Soudain, après avoir fini de mâcher je ne savais quel animal, cette espèce de loup-garou cyclopéen se tourna vers ses adorateurs en contrebas, et les fixa avec envie. Il ne lui fallut que quelques secondes de réflexion pour se décider à étendre le bras au milieu de la foule afin d’attraper une poignée de monstres blancs. Après tout : pourquoi se priver de chair fraîche ? La boucherie qui s’ensuivit me fit presque tourner de l’œil, et il m’arrive encore aujourd’hui d’éprouver une violente nausée lorsque j’y repense.
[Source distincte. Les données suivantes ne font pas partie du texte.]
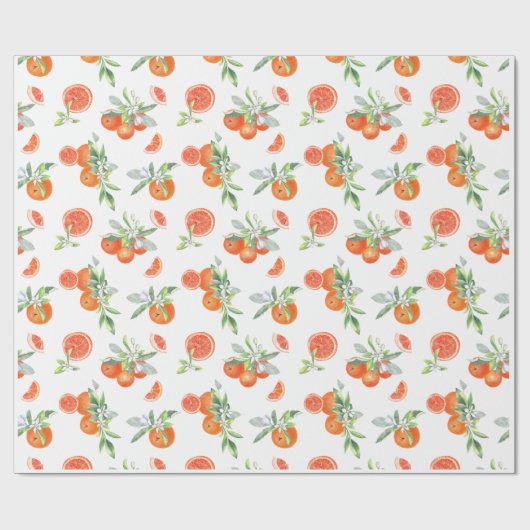 Citrus Sinaasappels, bladeren & bloemmotief Cadeaupapier (Vlak)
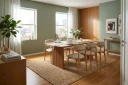 Molly spisestol i tre med stoffsete - Eik/Beige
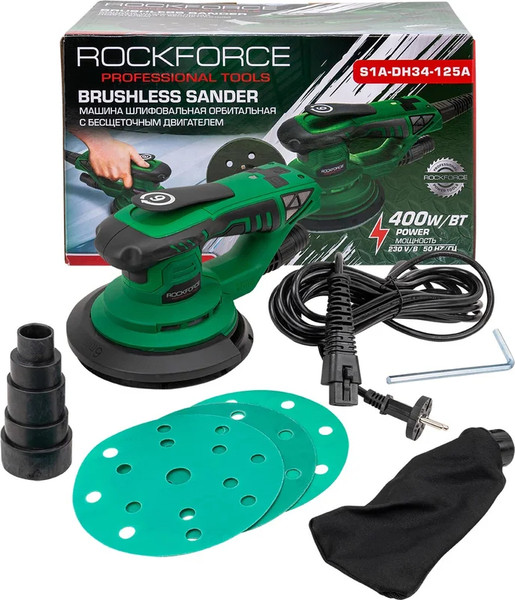 Изображение товара Эксцентриковая шлифовальная машина RockForce RF-S1A-DH34-125A (62653)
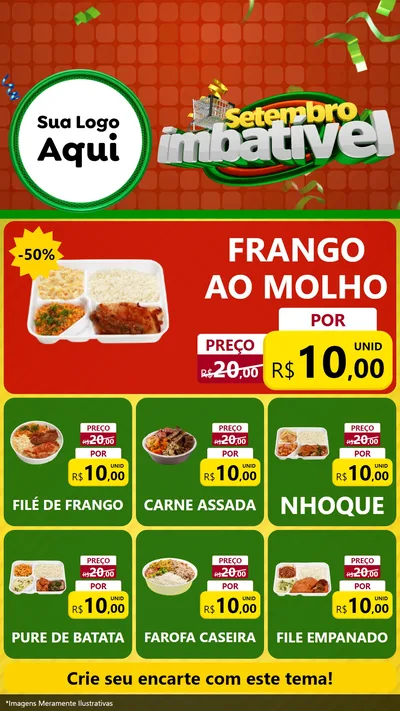 Modelo de Rede Social para Stories com o tema Setembro Imbatível para Restaurante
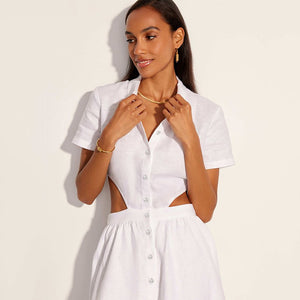 Fashion Cut Out Cotton Shirt Casual Dress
Certains de mes congénères furent écrasés et broyés, d’autres furent tout simplement gobés et engloutis par ce Goliath des profondeurs. Trois autres se retrouvèrent empalés sur l’une des griffes surdimensionnées du monstre, avant d’être croqués comme de vulgaires sucres d’orge. Mais au lieu de fuir la place principale et de se retrancher dans les maisons, tous autour de moi attendaient que la chose les emporte, les déchire, les avale ! Je vis même du coin de l’œil un petit groupe de ces fanatiques lever et agiter les bras dans les airs, cherchant à attirer l’attention de cette divinité qu’ils adoraient.
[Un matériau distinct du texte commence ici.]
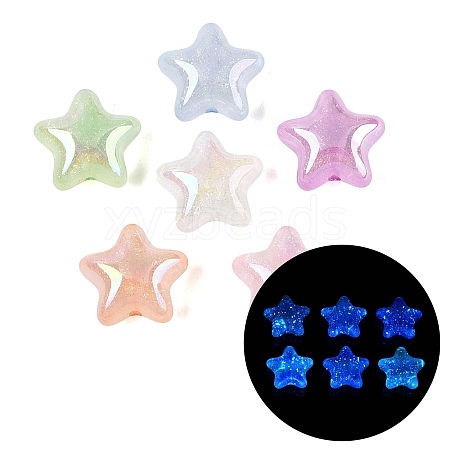 UV Plating Transparent Acrylic Beads OACR-N162-06-1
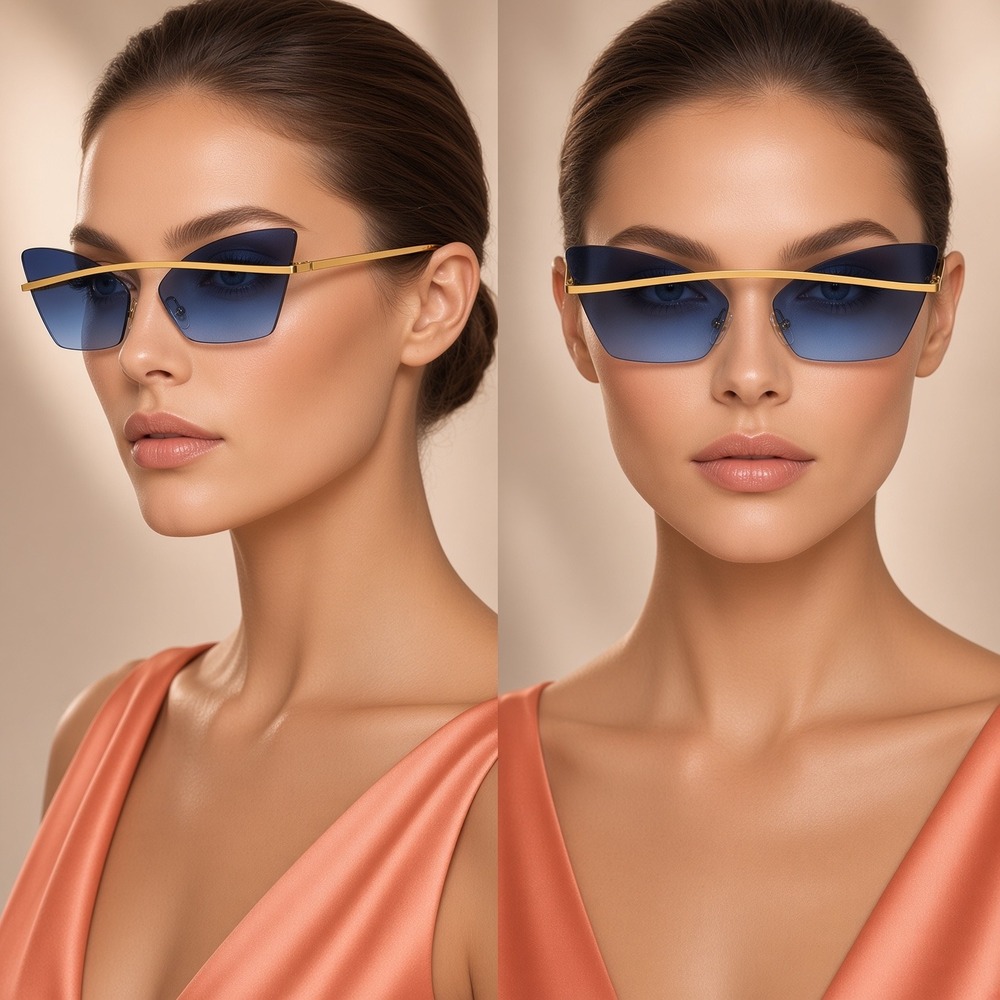 Womens Blue Gradient Cat Eye Sunglasses Gold Brow Bar Geometric Rimless Eyewear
La place pavée autour de l’obélisque avait viré au rouge, et mon esprit m’ordonnait de courir et de quitter ce lieu maudit. Mais la main monstrueuse finit par s’abattre sur moi, ses doigts décharnés se repliant sur mon torse, et m’éloigna de la terre ferme. Suspendu dans le vide, je levai les yeux vers la gueule béante qui s’ouvrait devant moi, ruisselante de sang et de salive, avant de pousser un cri d’horreur. Ma fin était là.